My journey began in January 2001. I was no longer Los Angeles County District Attorney. A month earlier, I had been the county's chief law enforcement officer, now I was moving on but unsure of the direction. Life takes interesting detours when you least expect it.
Conrad N. Hilton Foundation Vice President Dyanne Hayes-Nash had invited my wife, Sukey, to accompany her on a Foundation business trip to West Africa. I was invited to join them. I'd never been to West Africa. They thought I could take some good photographs for them.
We were in the West African countries of Ghana, Burkina Faso, and Niger, meeting with NGOs, government officials, and mostly with villagers in rural communities. The most startling fact I heard early on was this: close to 70% of rural farm communities throughout West Africa do not have access to safe water.
Visiting the villages quickly brought home the consequences of unsafe water: high infant mortality; severe and recurrent illness for villagers of all ages; blindness; unsanitary living conditions; low farm production; absence of opportunity for private enterprise efforts; and, for girls, virtually no opportunity to attend school. I documented all this but was also mesmerized by images of hope and beauty among their women and children—their eyes, smiles and body language. Sometimes they were sad or questioning, but mostly eager and alive.
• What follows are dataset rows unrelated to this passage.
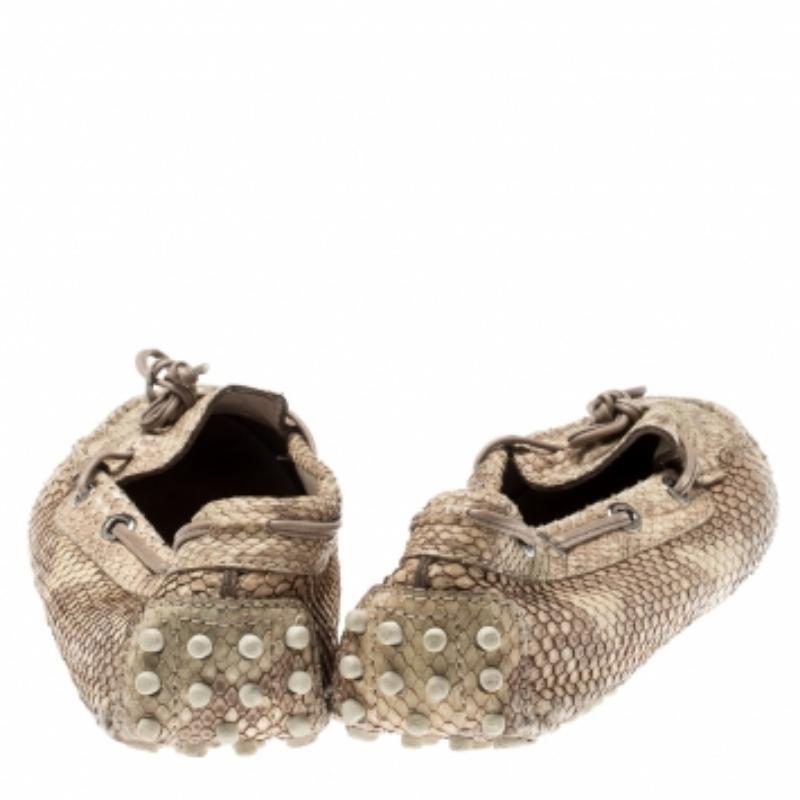 Beige Mocassini con fiocco in pelle pitonata beige di Tod's misura 35,5 in vendita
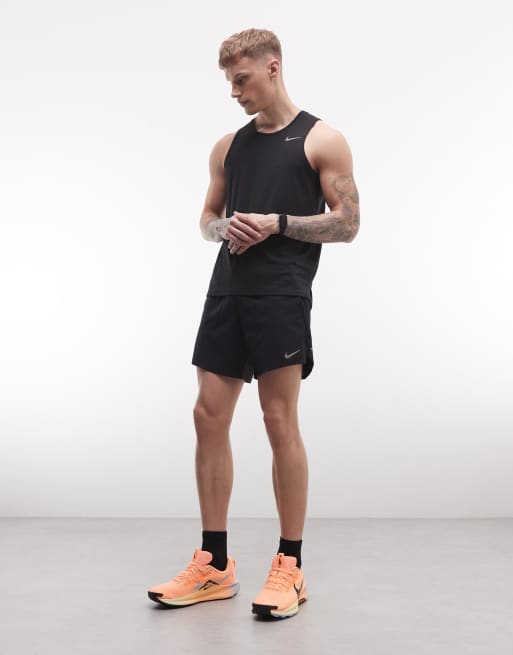Nike Running – Stride Dri-FIT – Lauf-Shorts in Schwarz, 7 Zoll Schrittlänge , 2 von 5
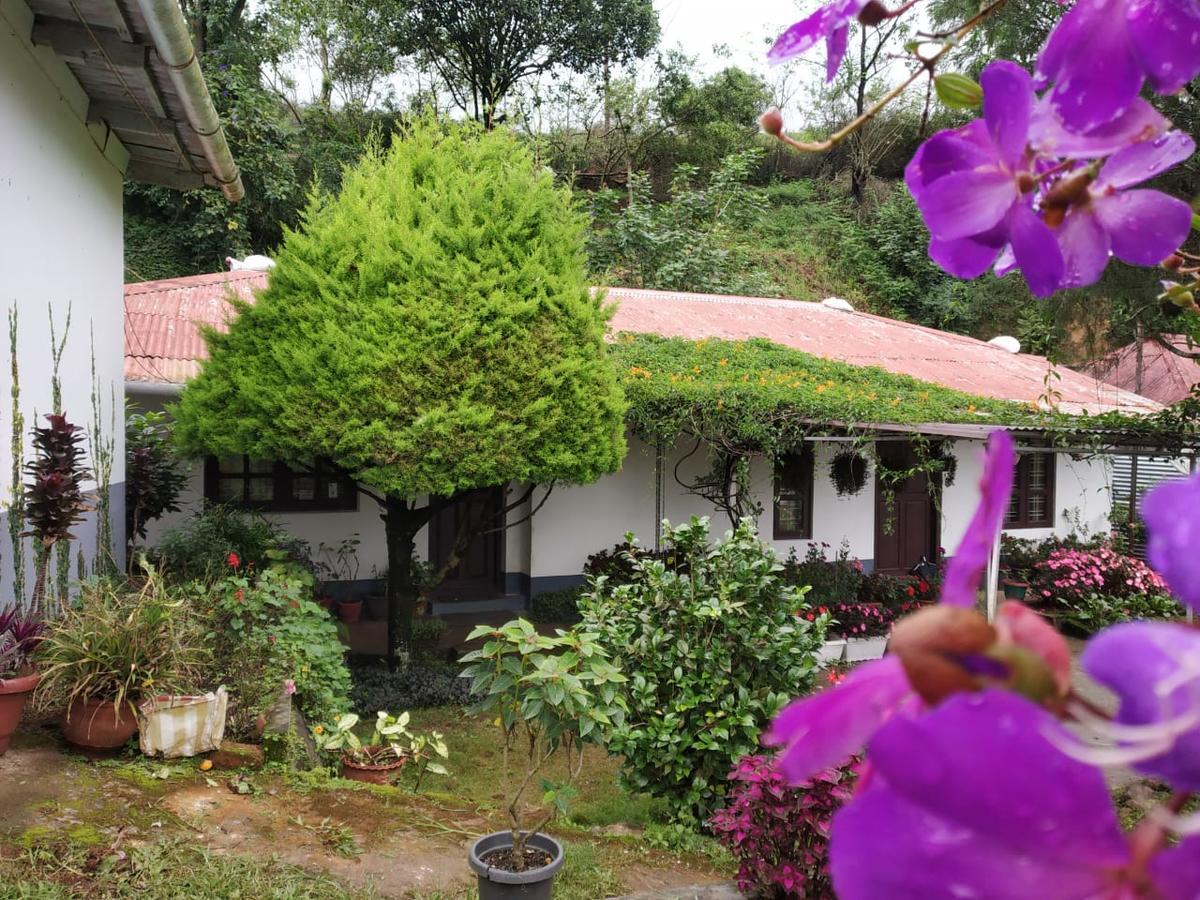 Rheinberg Town Haus Hotel Munnar Exterior photo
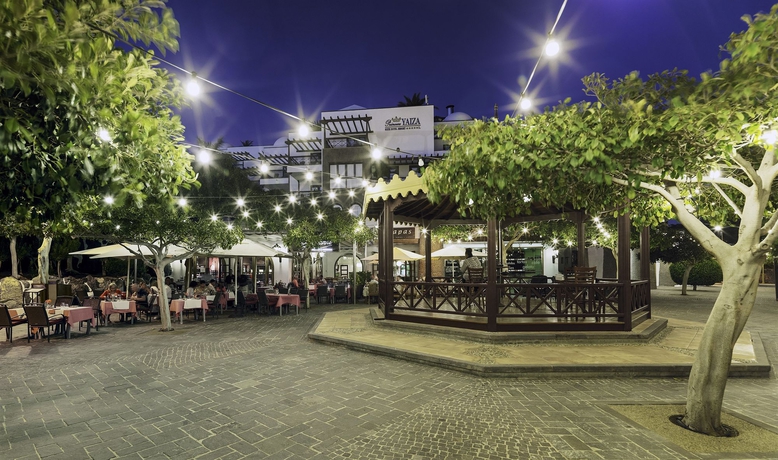 Imagen del bar/restaurante del Hotel Princesa Yaiza Suite Resort. Foto 3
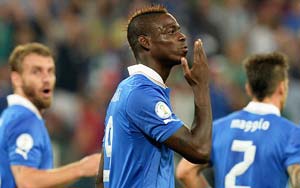 Mario Balotelli demands reward of kiss from Queen Elizabeth II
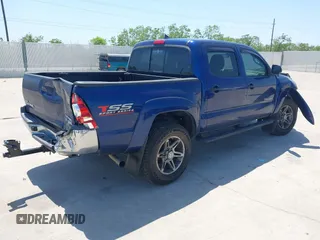 2014 Toyota Tacoma PreRunner with VIN 3TMJU4GN8EM157541, listed as a IAAI auction lot 41998374 with 113,830 mi miles. Bid and sale history available at carsss.com. Image 4.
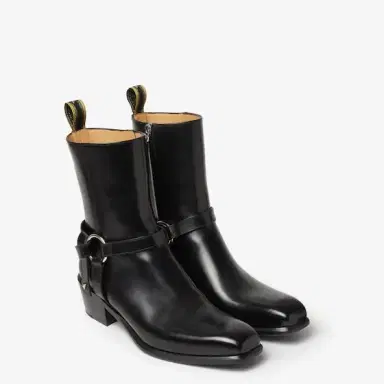Fendi Two metal rings give the Double O ankle boot its | Thumbnail 4 Fendi Two metal rings give the Double O ankle boot its | Thumbnail 4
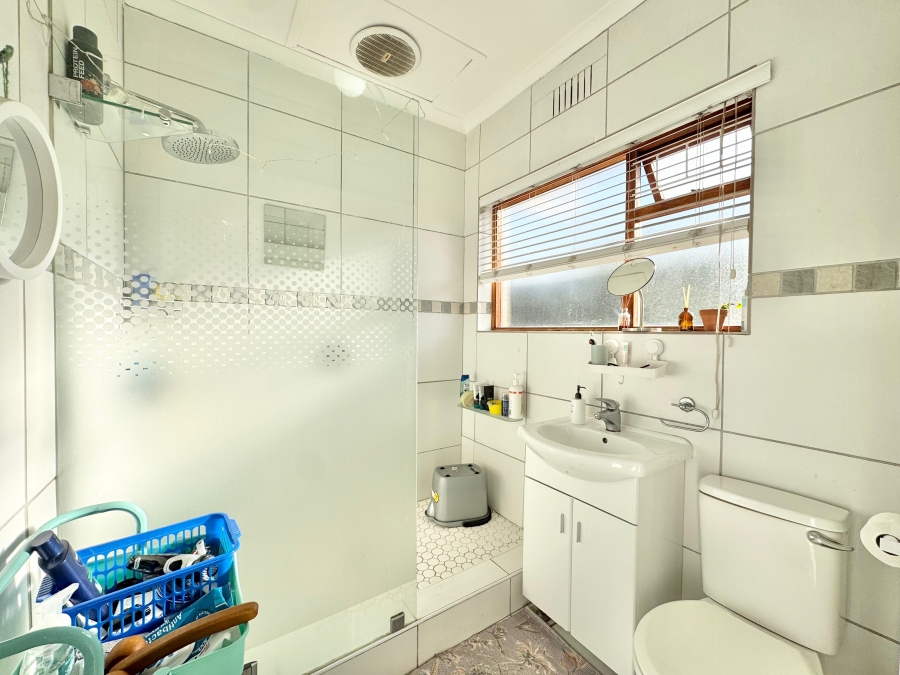 1 Bedroom Property for Sale in Kenilworth Western Cape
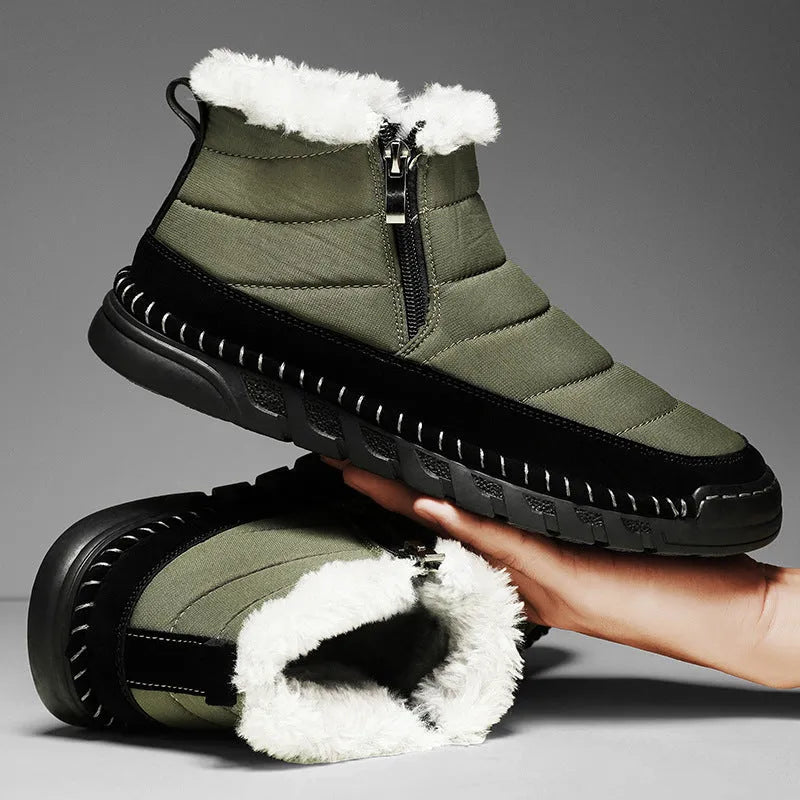Men's plus size snow boots in black with artificial plush lining and non-slip rubber soles
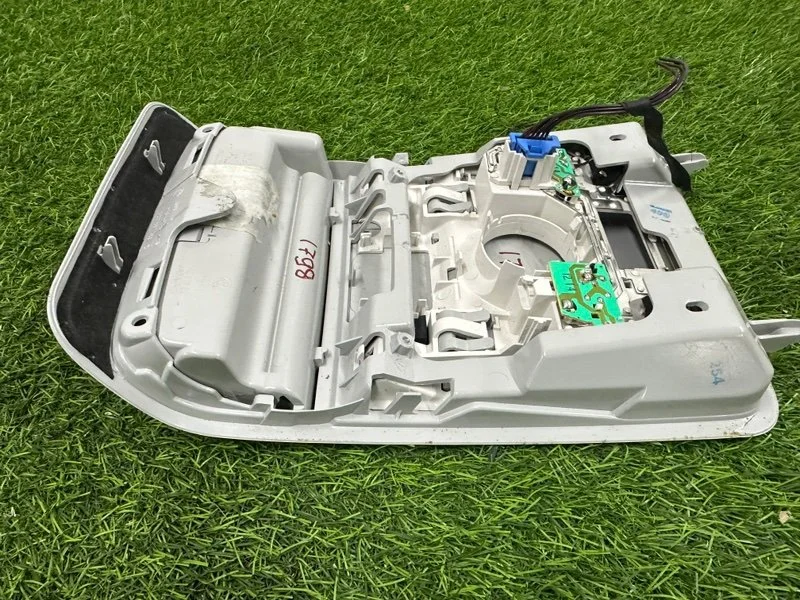 Плафон подсветки салона передний Volkswagen Passat - миниатюра 9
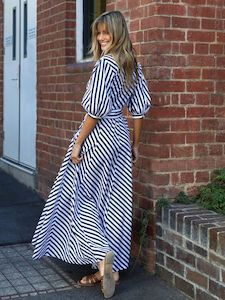 Leoni: BIANCA DRESS - NAVY/WHITE STRIPE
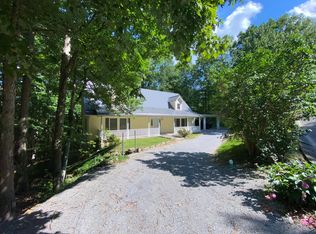 128 Morris Cir, Big Stone Gap, VA 24219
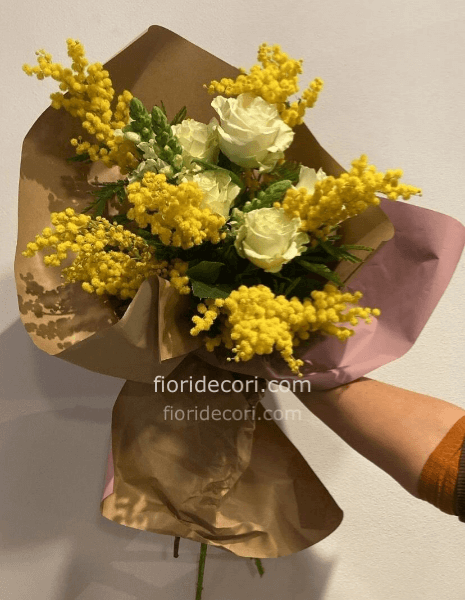 Bouquet rose bianche e mimosa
I was moved countless times by the stories the people of West Africa shared with me.
With the assistance of the Conrad N. Hilton Foundation, I returned to West Africa four more times to photograph and subsequently published the book, “Water Is Key: A Better Future for Africa.” My idea was to use it to make people in the developed world aware of both the consequences of unsafe water and the life changes that come when a well is drilled deep into the ground.
I was moved countless times by the stories the people of West Africa shared with me. One mother who was so proud that her daughter became the first girl in the history of the village to attend school. That happened because a well was drilled in her village and so she and her daughter no longer had to walk miles for their water needs. You could see the pride and joy in her face.
Another encounter stenciled in my brain the importance of providing villagers with a borehole well in or near their village. In a meeting with Mali’s President, Amadou Touré, he told me: “I cannot tell you how important your work is, not just to me, but to my people. If I had the money, the first thing I would do is make sure every village in Mali had a sustainable supply of safe water. With safe water, everything good follows.”
After the book was published, I started speaking to community groups, primarily in Southern California hoping to motivate them to take action. In February, 2008, I spoke to a group of women who decided to help. They named their organization, “Water Is Key,” after my book and started fundraising. In 2009, I joined forces with them and in 2010 we formed a 501(c)(3).
I have continued speaking to community groups around the country, not only to raise awareness but to raise money for Wells Bring Hope. At the conclusion of my presentation I ask the audience as individuals or as a group to help sponsor one well. I also ask them to connect me to other groups where I might give my presentation. The results have been amazing, enabling us to bring safe water to many thousands of West Africans. Girls now go to school in those villages and the women often become successful entrepreneurs with micro-credit loans. All because you and people like you have helped us finance the wells that make all of this possible.